More intensive livestock rearing techniques that use concrete or slats instead of straw bedding produce agricultural manure in liquid form, known as slurry. When used as fertiliser, manure from various animals has varying characteristics and requires different application rates. Spray irrigation, land surface spreading, and shallow subsurface injection are all options for applying liquid animal manure as a source of nutrients and organic matter for crop production. Liquid organic manures are made from the fermentation and/or decomposition of organic waste such as crop residues, animal faeces, urine, and other plant matter. Liquid organic manures supply nutrients to plants while also acting as a pesticide.
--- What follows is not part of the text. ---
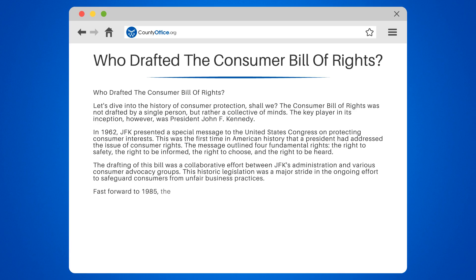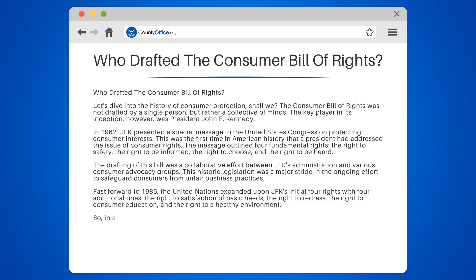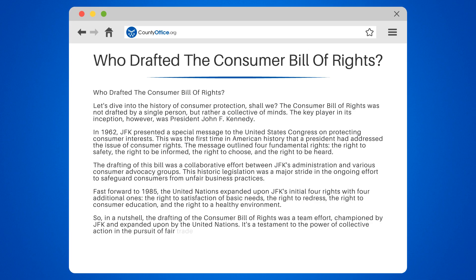Fast forward to 1985, the United Nations expanded upon JFK's initial four rights with four additional ones: the right to satisfaction of basic needs, the right to redress, the right to consumer education, and the right to a healthy environment. In a nutshell, the drafting of the Consumer Bill of Rights was a team effort, championed by JFK and expanded upon by the United Nations. It's a testament to the power of collective action in the pursuit of fair trade and consumer protection.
Liquid dairy manure contains, on average, 10-12 pounds of ammonium N per 1,000 gallons. When compared to a surface application with no incorporation, including 8,000 gallons of manure per acre on the same day can save up to 70 kg of N fertiliser. Instead of feeding your plants in just one method, liquid fertilisers can feed them in two ways. During the growing season, you can add water to liquid fertilisers every two to three weeks and spray your plants with a fertiliser mix. The main disadvantages that come with liquid fertilizer is that they can sometimes be more expensive than granular fertilizers, and they are more susceptible to volatilization (or turned into a gas and potentially evaporated into the atmosphere).
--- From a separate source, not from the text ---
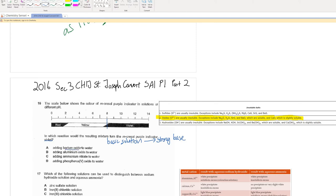We can have barium oxide because oxides are bases. We can also have aluminium oxide. Option C is incorrect because ammonium nitrate is not a base. Similarly for option D, we have phosphorus oxide, which is also a base. However, options B and D cannot be the answer because only barium oxide is soluble in water, as can be seen from the solubility table. Aluminium oxide and phosphorus oxide are insoluble in water and are unable to generate hydroxide ions when dissolved in water. Hence, the correct answer is option A for question 16.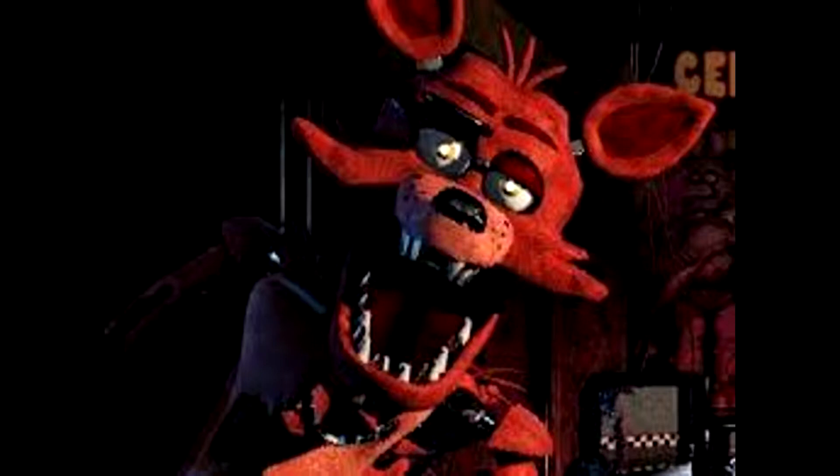The employee warns Mike that if one of the robots encounters a human, they will automatically assume that it's an endoskeleton that is not in its costume yet, and forcefully stuff them into a spare mechanical Freddy Fazbear costume, killing the person in the process.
Liquid manure has a dry matter content of less than 5%. Solids or slurry are the two types of excrement excreted by agricultural animals. When fresh water is added to slurry manure or a considerable solid fraction is removed from slurry manure following solid-liquid separation, liquid manure is formed. Liquid manure can be emptied over a slanted animal house floor and conveyed in open channels by gravity. A lowpressure pump can also be used to remove it. Diluted effluent from a lagoon or other storage units is frequently used in this process. An open-lot system, in which liquid manure is created by runoff from lot surfaces and contains little dry matter, is a specific instance. The majority of the solid waste is drained out and stored in receiving basins, while most of the solid manure remains deposited on the lot.